141 Views Asked by At

I am not familiar with random matrices but I need to confirm the correctness of the inequality below.

Let $\xi_i\in\{\pm 1\}$ be independent random signs, and let $A_1,\ldots, A_n$ be $m\times m$ Hermitian matrices. Let $\sigma^2 = \|\sum_{i=1}^n Var[\xi_i]A_i^2\|$. Then $$Pr\bigg(\bigg\|\sum_{i=1}^n\mathbb{E}[\xi_i]A_i-\sum_{i=1}^n\xi_iA_i\bigg\|\geq t\sigma\bigg)\leq2m\exp(-t^2/2).$$

It is said to be cited from the paper "User-Friendly Tail Bounds for Sums of Random Matrices ". But I cannot find which results in that paper can imply the inequality. Is the inequality correct?

2

There are 2 best solutions below

0
On BEST ANSWER

It's not correct.

Take random variable $\xi_i$ as $\mathbb{P}(\xi_i=1)=1$ for each $i$. Then $Var[\xi_i]=0$ for each $i$ and thus $\sigma = 0$. l.h.s. hold with probability $1$ while r.h.s is smaller than $1$ is take $t$ sufficiently large.

4
On

So, it's a corollary of their Theorem 1.5. I'll restate that inequality and work it into the form you have.

To avoid a conflict of notation, I'm going to change the notation in the paper you linked such that $t\mapsto\alpha$ and $\sigma\mapsto\sigma_0$, and I will hold your notation fixed.

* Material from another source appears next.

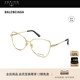 开云眼镜 蝶形细框近视光学眼镜架BB0282O 巴黎世家Balenciaga时尚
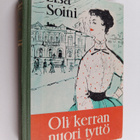 Elsa Soini : Oli kerran nuori tyttö : romaani 1910-luvun ... - pikkukuva 1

Also, that theorem is stated for the rectangular case where $\mathbf{B}_k$ has dimension $d_1\times d_2$. Here we have $d_1=d_2=m$, and I've simplified my restatement of their theorem below to match the square case.

In that notation, the inequality in Theorem 1.2. reads

$$P\bigg( \bigg\| \sum_k \xi_k \mathbf{B}_k \bigg\| \geq \alpha\bigg) \leq 2m \cdot e^{-\alpha^2/2\sigma_0^2},$$ where $\xi_k$ are either independent standard Gaussian or independent Rademacher (which is the same as random signs as you have), and where $\sigma_0^2=\left\| \sum_k \mathbf{B}_k^2 \right\|$ (that's the square version of their definition of $\sigma_0$).

Now it's just a game of translating this equality into yours. First, let $t=\alpha/\sigma_0$. Then the inequality becomes $$P\bigg( \bigg\| \sum_k \xi_k \mathbf{B}_k \bigg\| \geq t\sigma_0\bigg) \leq 2m \cdot e^{-t^2/2}.$$ That's a first step.

Now let's deal with the $\mathbb{E}\xi$ sum. Clearly $\mathbb{E}\xi=0$, since $\xi$ takes values $\pm1$ with equal probability. So, the first sum $\sum_{i=1}^n \mathbb{E}[\xi]A_i$ is identically 0. Thus it does not affect the inequality at all. Even better, the variance of the Rademacher variates is $0.5\cdot 1^2 + 0.5\cdot (-1)^2=1$, so that $\sigma=\sigma_0$.

So, the inequality you have is exactly the same as the one here, with $A$ changed to $\mathbf{B}$ and some extra terms that have no effect. Let me know if any details need clarification and I'll edit those in.